To be honest, I'm beginning to feel like Nintendo's problems are more systematic and more deeply rooted in who they are. It shouldn't be *this* hard to sell even 20 million consoles and you shouldn't need a miracle gimmick to sell every single console you make.
I think the basic formula that Nintendo has of selling consoles is still rooted in the 1980s ... that the home console is for kids first, with little Johnny playing Mario as his dad and mom watch over his shoulder and laugh on.
But I think game consoles have simply evolved beyond that to be a home appliance. Like a cable box or a DVD/Blu-Ray player (no one wants a kids centric Blu-Ray player).
Sure Nintendo has their "hardcore" base of fans who are actually mostly adults, but they tend to only buy a Nintendo console for the main Nintendo IP they grew up with as kids. They buy a Playstation or XBox for any other type of gaming.
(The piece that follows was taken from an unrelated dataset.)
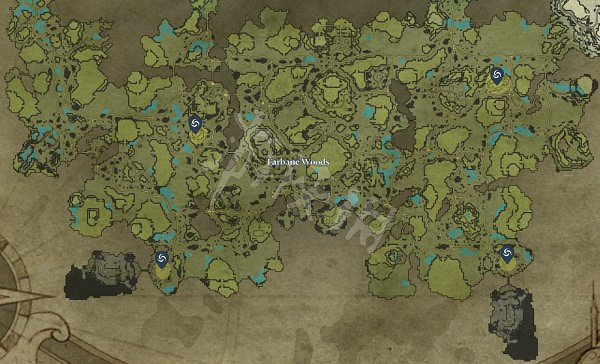 《吸血鬼崛起》傳送門在哪?v rising傳送門位置介紹 《吸血鬼崛起》傳送門在哪?v rising傳送門位置介紹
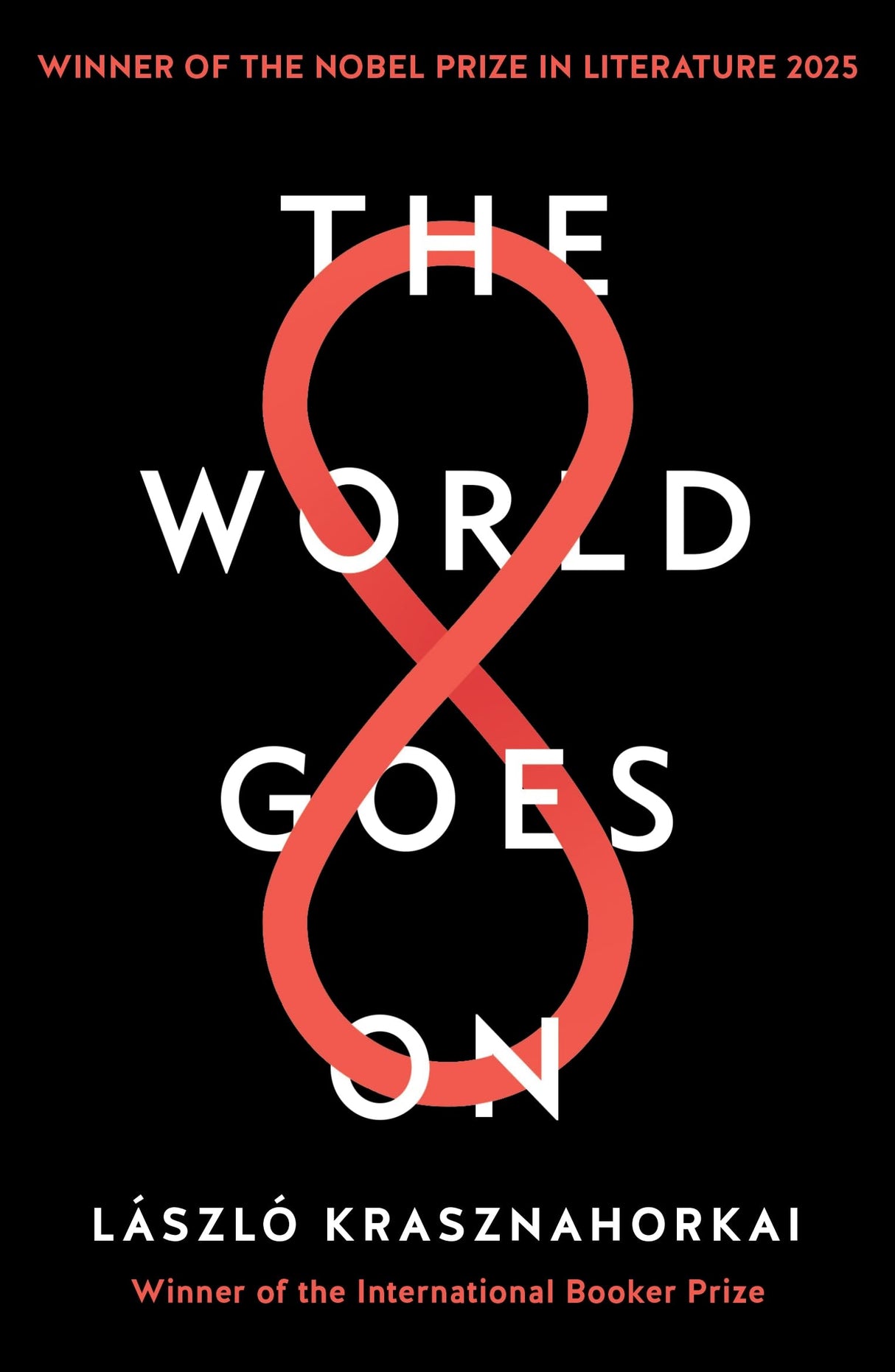 The World Goes On - Retail Maharaj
Selling a game console that somewhere between a toy and a electronic gizmo mostly on the back of Disney-styled mascot gaming characters is just a format that I don't think appeals to a lot of people anymore. Even kids ... you would figure that Nintendo should have a stone cold lock on that market, but kids want a Playstation or XBox too by the time they get to age 10-11, they want to play what their older brother/cousin is playing.
That's why, from an advertising standpoint, Nintendo nailed it with the Wii. Trying to be too edgy is terrible; it comes off as contrived, and it would make Nintendo look silly compared to Playstation or Xbox. Going with a kiddy image forces you into a very niche audience. What they did with the Wii was similar to what Apple does with their advertising: Make the product a "for anybody" device. This is Nintendo's best approach for their consoles, IMO.